===== THE RECORDS
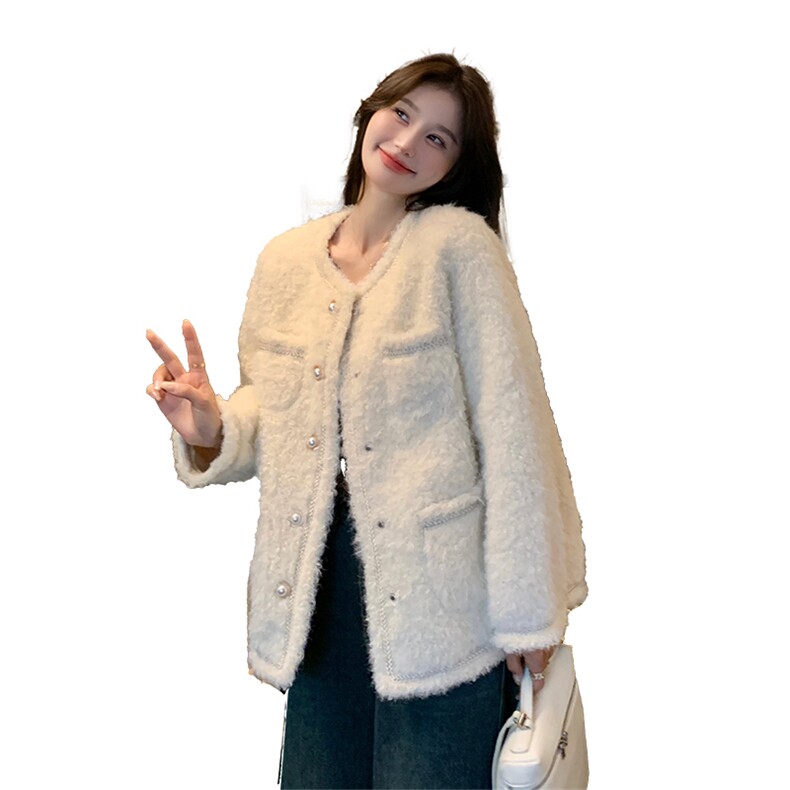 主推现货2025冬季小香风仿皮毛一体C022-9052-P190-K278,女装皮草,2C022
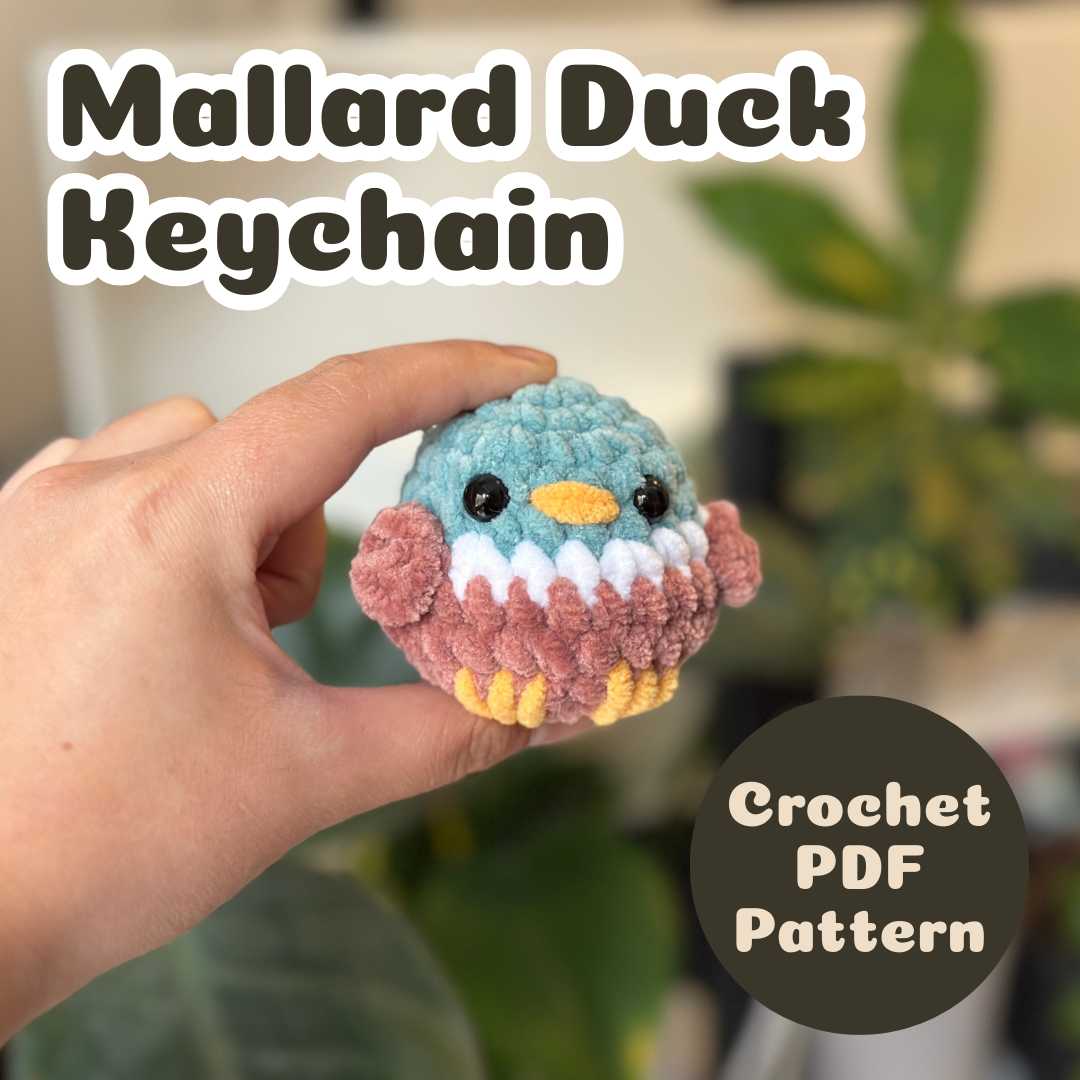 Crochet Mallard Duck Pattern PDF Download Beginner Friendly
==========
===== THE RECORDS
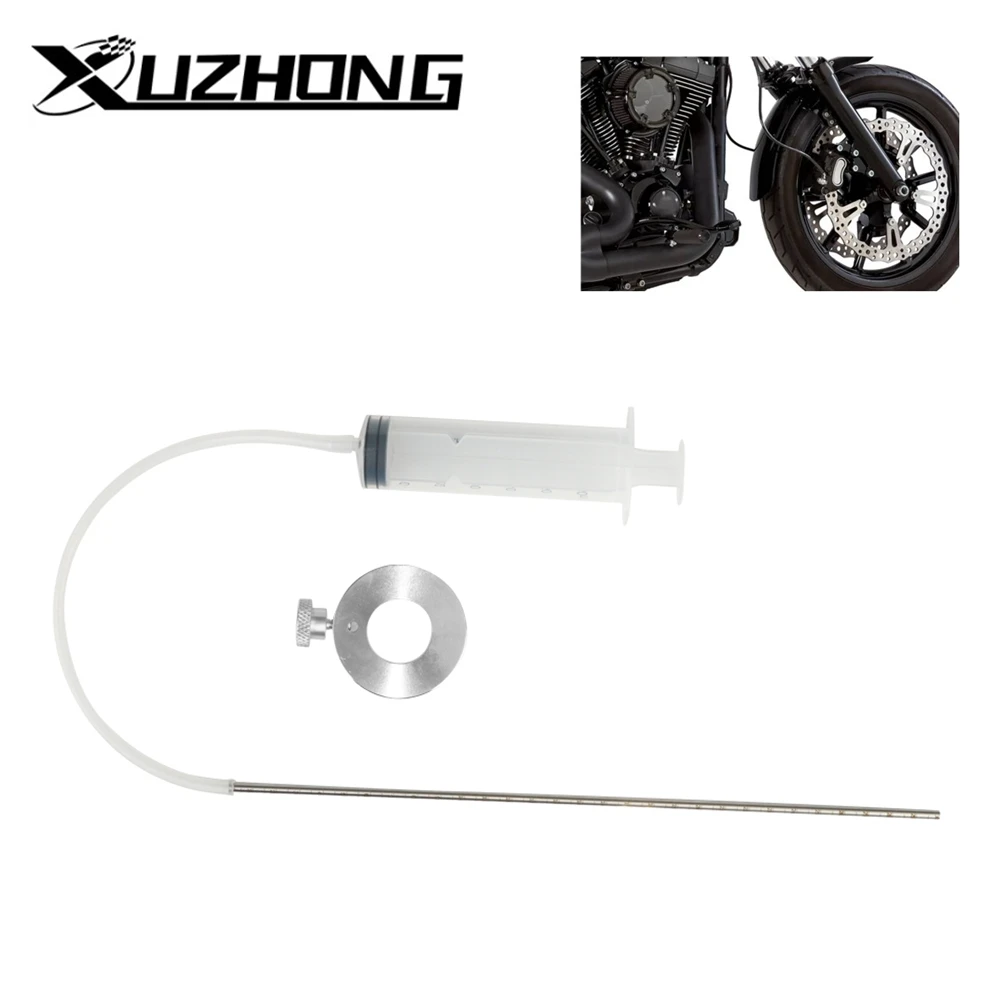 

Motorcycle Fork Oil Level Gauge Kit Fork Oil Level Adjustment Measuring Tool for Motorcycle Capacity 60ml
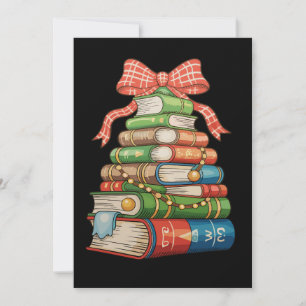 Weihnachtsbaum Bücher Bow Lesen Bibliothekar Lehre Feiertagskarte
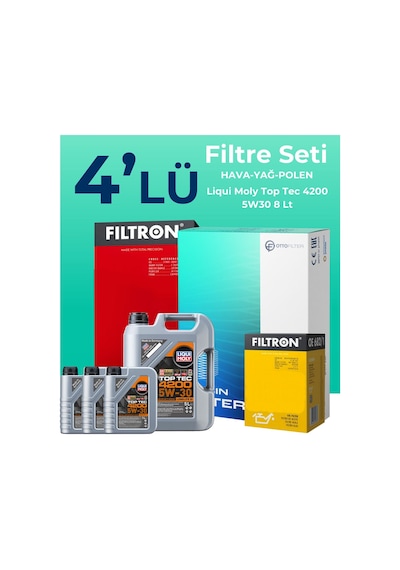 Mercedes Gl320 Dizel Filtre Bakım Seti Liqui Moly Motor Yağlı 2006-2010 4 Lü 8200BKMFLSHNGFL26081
==========
===== THE RECORDS
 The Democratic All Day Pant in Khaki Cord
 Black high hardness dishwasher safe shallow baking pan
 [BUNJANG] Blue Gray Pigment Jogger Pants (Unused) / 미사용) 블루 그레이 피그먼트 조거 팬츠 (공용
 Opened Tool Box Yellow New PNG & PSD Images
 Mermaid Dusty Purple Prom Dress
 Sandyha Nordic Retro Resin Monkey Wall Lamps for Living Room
==========
(WORK REQUEST):
Return exactly the stretch above whose first line contains "主推现货2025冬季小香风仿" and whose last line contains "Crochet Mallard Duck", and nothing outside it. The pictures should not appear.

(SOLUTION):
 主推现货2025冬季小香风仿皮毛一体C022-9052-P190-K278,女装皮草,2C022
 Crochet Mallard Duck Pattern PDF Download Beginner Friendly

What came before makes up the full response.